- [Task directions] Retype, word for word, only the lines from the one containing "Charging Bull - Wall Street" through the last line of the listing below. Pictures do not belong in the result.

- [Material supplied]
=== Begin Enclosure ===

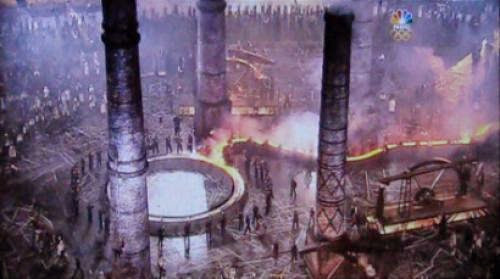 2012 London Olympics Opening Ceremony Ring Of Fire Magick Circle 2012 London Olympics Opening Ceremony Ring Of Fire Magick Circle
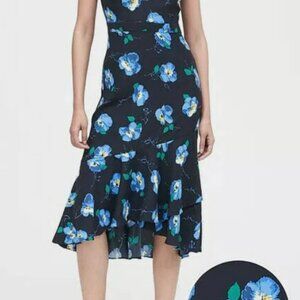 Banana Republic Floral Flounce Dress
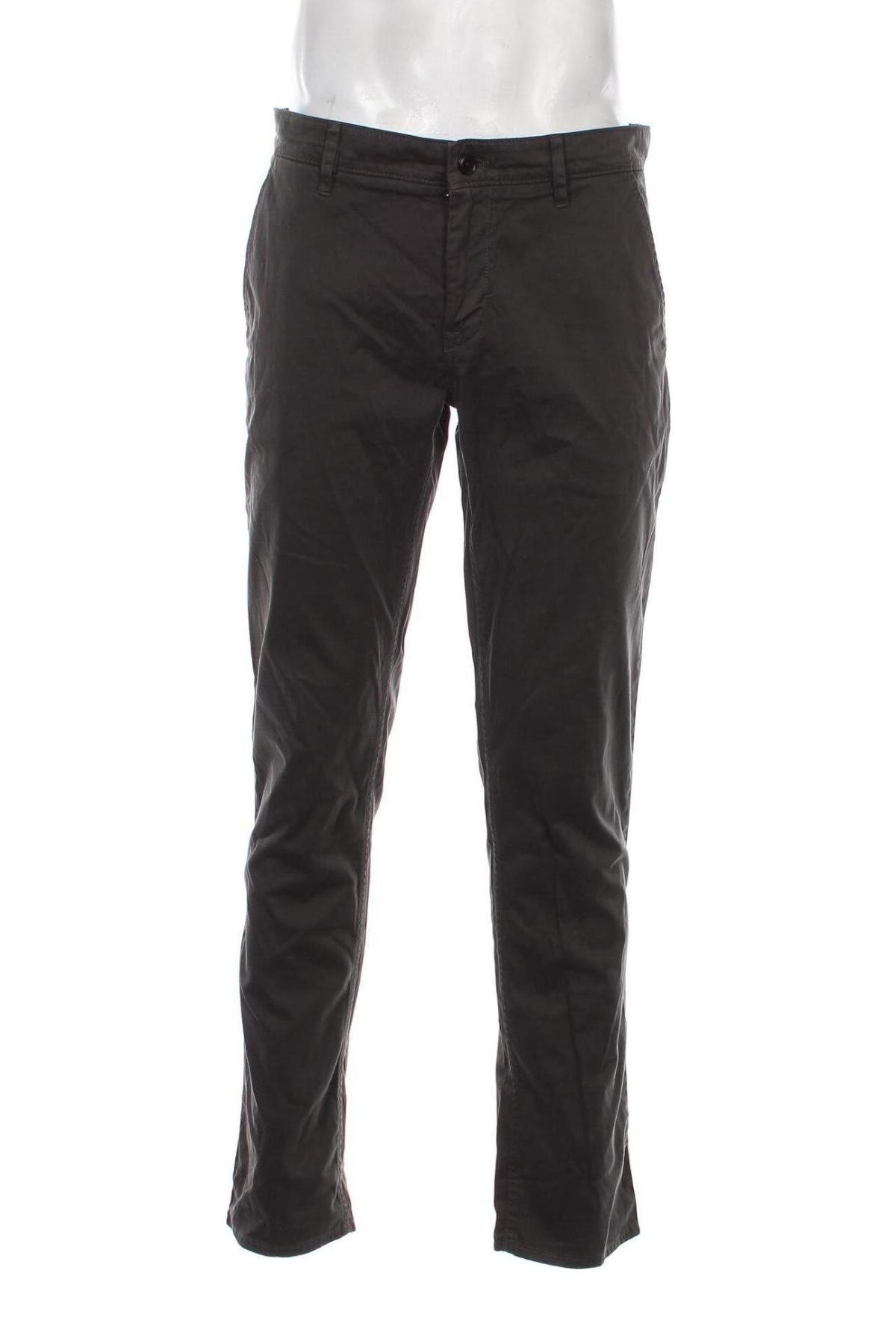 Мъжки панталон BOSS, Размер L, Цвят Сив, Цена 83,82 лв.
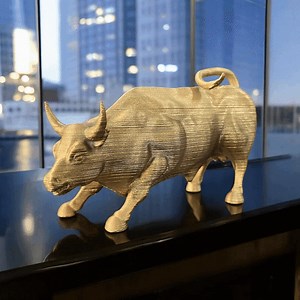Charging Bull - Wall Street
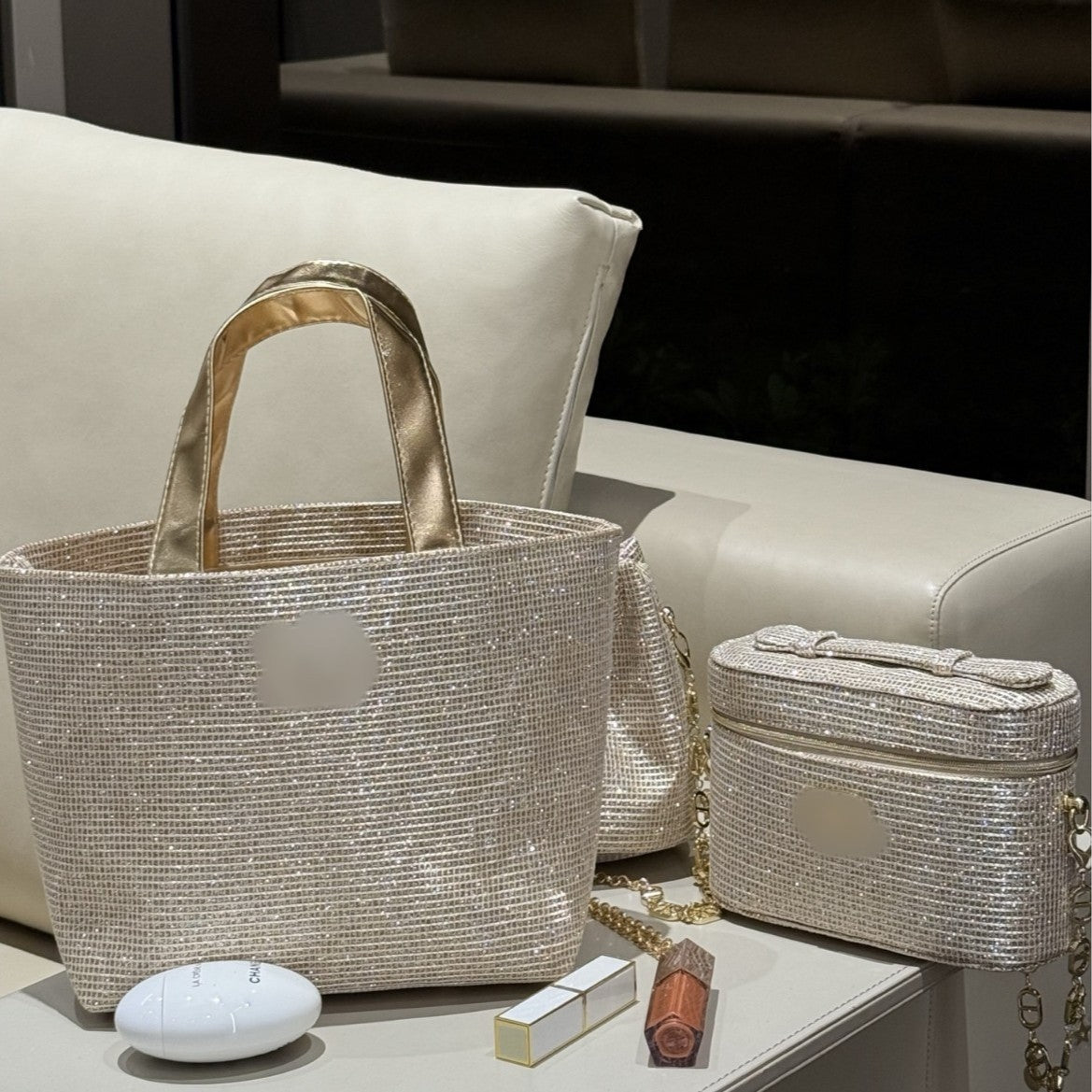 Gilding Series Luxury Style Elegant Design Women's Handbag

=== End Enclosure ===

- [Your response]
Charging Bull - Wall Street
 Gilding Series Luxury Style Elegant Design Women's Handbag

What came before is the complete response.